SpaceX stock (SPCX) has fallen from its $225 peak. See what's behind the drop and what Nasdaq 100 inclusion and earnings could bring next.
Space Exploration Technologies (NASDAQ: SPCX), the rocket and satellite company built around reusable launch vehicles and its Starlink broadband network, has spent its first weeks as a public company on a wild ride. SpaceX stock priced its IPO at $150 a share on June 12, spiked to $225.64 within days, then slid back toward earth, closing at $157.97 on July 1, a gain of only about 5% from the offer price.
Key Takeaways
- SpaceX shares opened at $150 on June 12 and hit an intraday high of $225.64 on June 16 before retreating.
- The stock closed at $157.97 on July 1, up roughly 5% from its IPO price.
- A $25 billion bond offering announced June 22 sent shares down more than 12% that day, to $154.60.
- SpaceX joins the Nasdaq 100 on July 7, forcing index funds to buy in.
- The company's first earnings report as a public entity is expected in August.
Why the Early SpaceX Rally Faded
IPO pops often say more about scarcity than fundamentals. Investors who had waited years for a chance to own a piece of SpaceX piled in during the first days of trading, chasing the kind of story that turned early believers in Amazon or Nvidia into long term winners. Once that initial wave of buyers had filled their orders, the natural buying pressure that pushed shares to $225.64 started to dry up, and the stock drifted back toward its issue price.
The bigger jolt came on June 22, when SpaceX announced plans to raise $25 billion through a bond sale. Coming so soon after a high profile IPO, the debt offering reminded investors just how much cash the company burns building rockets, satellites and ground infrastructure. Shares fell more than 12% that day alone, closing at $154.60, and the stock has struggled to reclaim much ground since.

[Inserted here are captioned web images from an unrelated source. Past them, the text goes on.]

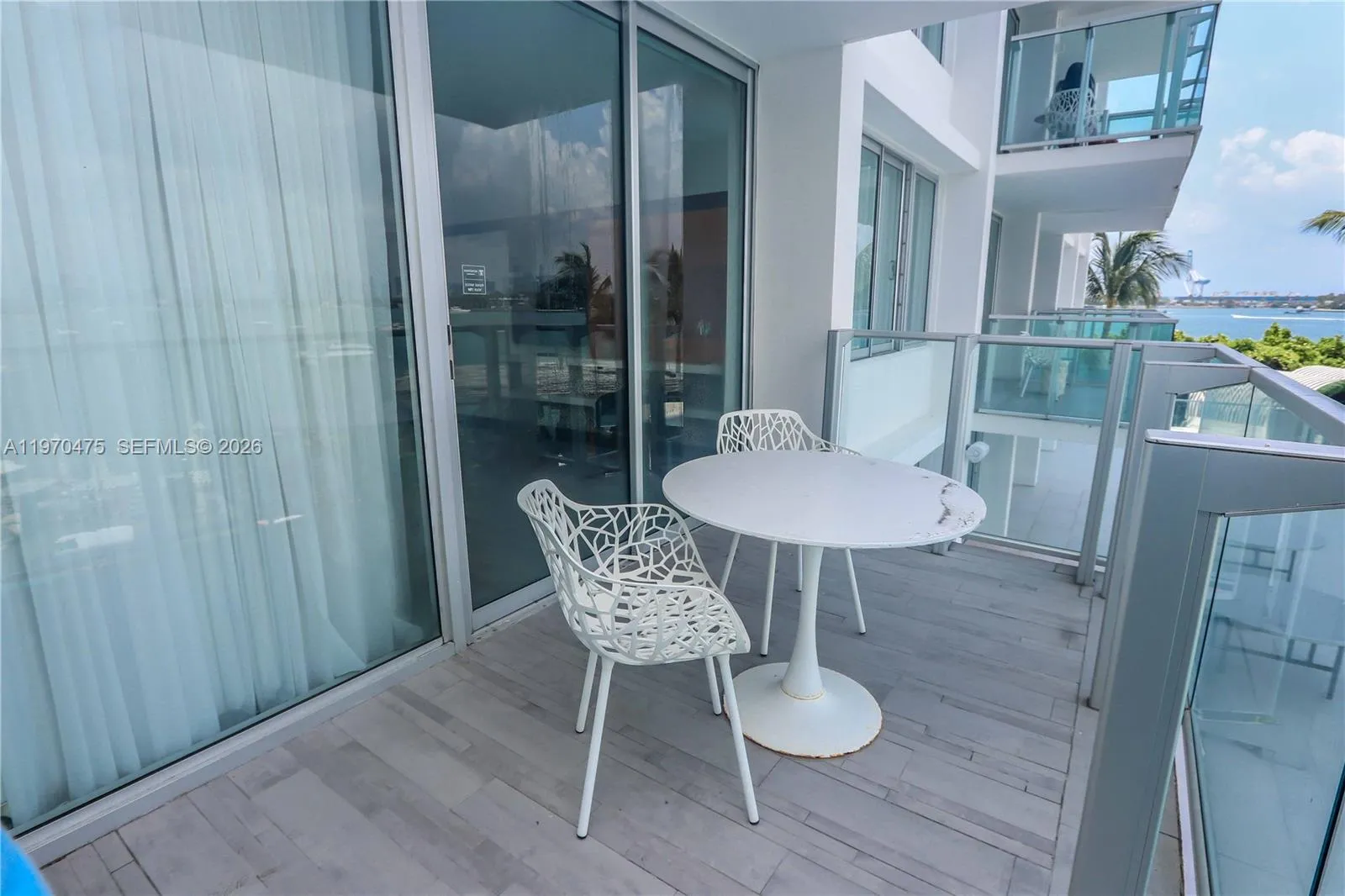 1100 West Ave 322, Miami Beach, Florida 33139, Miami Beach, Florida 33139, ,1 BathroomBathrooms,Residential,For Sale,1100 West Ave 322, Miami Beach, Florida 33139,A11970475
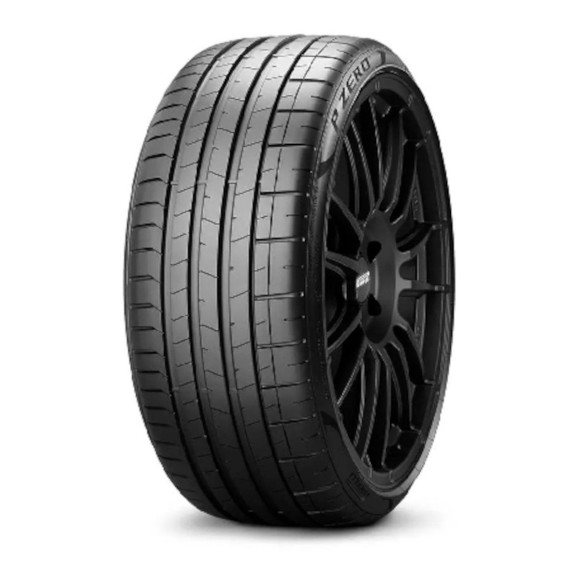 Шины Pirelli  325/35/22  Y 110 P-ZERO  (MO) Шины Pirelli  325/35/22  Y 110 P-ZERO  (MO)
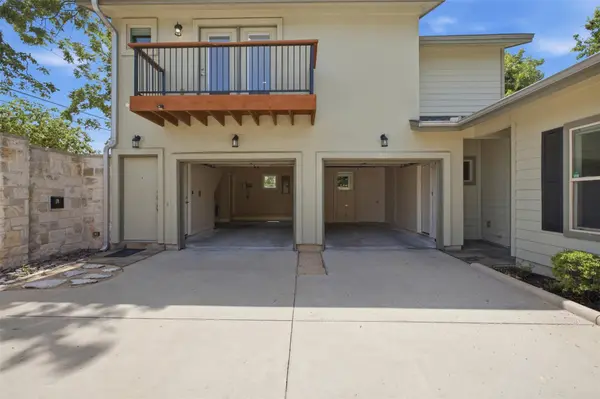 1315 W Anderson LN #A, Austin, TX 78757
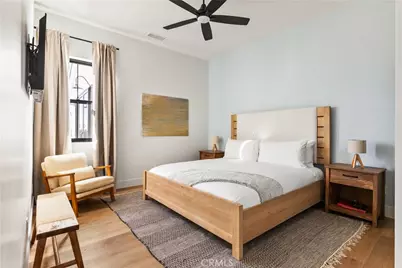 39241 Corte Venture, Temecula, CA 92592 - Photo 43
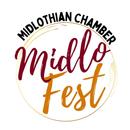 Discover Midlothian APK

Valuation, Momentum and Yield on SpaceX Stock
Because SpaceX only began trading in June, there is no established price to earnings ratio, EPS figure or dividend history to lean on yet, and the company has not disclosed a market capitalization consistent enough to cite with confidence at this stage. That leaves momentum as the clearest gauge available. The stock's 52 week range so far runs from the June 16 intraday high of $225.64 down to a brief dip below $150 in late June, a swing of more than 30% in barely three weeks. That kind of volatility points to a stock still searching for a stable trading level rather than one settled into a valuation backed by steady earnings.
The bull case rests on scale and momentum: joining the Nasdaq 100 on July 7 means index funds and ETFs tracking that benchmark must buy shares regardless of price, which could offer near term support. Optimists also point to SpaceX's dominant position in commercial launches and the growth of Starlink as reasons the stock could eventually justify a premium once real earnings data arrives.
The bear case centers on that same lack of a track record. Without a P/E ratio, EPS history or dividend to anchor expectations, the stock trades largely on sentiment and headlines like the bond offering, which unsettled investors already digesting a hefty valuation. Heavy capital spending needs, evidenced by the $25 billion debt raise, could keep pressure on shares until profitability, or clear signs of it, become visible in financial reports.
What Comes Next for SpaceX Stock
Two dates loom over the next two months. The Nasdaq 100 inclusion on July 7 forces mechanical buying from index tracking funds, which could nudge shares upward in the short run regardless of sentiment. Then in August, SpaceX is due to post its first earnings report as a public company. Given how sharply the stock has already swung on far less consequential news, that release seems unlikely to pass quietly, whatever the numbers show.